I don't know if it's because of the fact that I am so used of being by her side or if its because of the fact that I am in love with her.

I launched myself onto the bed, burying my face on the pillow, when my phone rang. I lifted my head up a bit and turned my head sideways as I brought it up to my face to check my phone.

Harry.

I sighed and swiped my screen to answer his call.

"Hey Tay, how are you? I miss you." He greeted with his calm voice, I closed my eyes and put the phone away from my ear before taking a deep sigh. My mind's racing with different thoughts, clustered, jumbled.
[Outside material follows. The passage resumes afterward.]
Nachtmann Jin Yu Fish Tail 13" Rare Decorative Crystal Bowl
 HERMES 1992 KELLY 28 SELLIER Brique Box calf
"I miss you too." I responded lazily, I didn't know why I said it, it was just like an automatic response. You just said it, but you never feel what you've just said.

"Anything wrong? You sound tired, love."

"A little," I lied, the fact is that everything's emotionally draining me. I don't know what to feel. Guilt? Sympathy? Anger? Loneliness?

Guilty for engaging in a relationship with Harry to fill up the void that's slowly consuming me because of my unspoken feelings?

Sympathy for the man who truly loves me more than himself?

Anger for making all of this mess up?

Or loneliness as I yearning to be with the one I truly love?

"I just need some rest I guess, I'll be fine."

"Are you sure? If you want to I can go over there and take care of you."

"No, its really okay. I don't want to bother you, Harry. I'll just take a nap maybe that would help me to feel a little better."

"Are you sure? I wouldn't mind going there, I promised your best friend to take care of you, I'm pretty sure once she know you're sick and I wasn't there for you she's going to kill me."

Karlie...

Of course.

I miss you...

"Harry, I'll be okay. I promise if it gets worst you'll be the first one to know."

"Okay, have a great nap then, Love. I love you."